(Records excerpted from a collection)
◆ ◆ ◆ ◆ ◆

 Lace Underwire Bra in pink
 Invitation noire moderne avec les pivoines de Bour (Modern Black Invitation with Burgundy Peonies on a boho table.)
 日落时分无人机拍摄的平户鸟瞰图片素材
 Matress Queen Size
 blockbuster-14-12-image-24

◆ ◆ ◆ ◆ ◆

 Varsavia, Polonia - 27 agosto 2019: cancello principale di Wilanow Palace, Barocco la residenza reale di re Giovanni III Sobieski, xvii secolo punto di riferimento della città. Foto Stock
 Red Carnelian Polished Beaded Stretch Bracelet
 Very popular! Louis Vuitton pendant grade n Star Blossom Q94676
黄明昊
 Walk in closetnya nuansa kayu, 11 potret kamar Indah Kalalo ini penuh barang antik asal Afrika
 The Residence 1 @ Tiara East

◆ ◆ ◆ ◆ ◆

● **WORK INSTRUCTION**
Copy the records above exactly, beginning at the line that contains "Varsavia, Polonia - 27" and stopping after the line that contains "The Residence 1 @ Tiara East".

● **EXPECTED ANSWER**
 Varsavia, Polonia - 27 agosto 2019: cancello principale di Wilanow Palace, Barocco la residenza reale di re Giovanni III Sobieski, xvii secolo punto di riferimento della città. Foto Stock
 Red Carnelian Polished Beaded Stretch Bracelet
 Very popular! Louis Vuitton pendant grade n Star Blossom Q94676
黄明昊
 Walk in closetnya nuansa kayu, 11 potret kamar Indah Kalalo ini penuh barang antik asal Afrika
 The Residence 1 @ Tiara East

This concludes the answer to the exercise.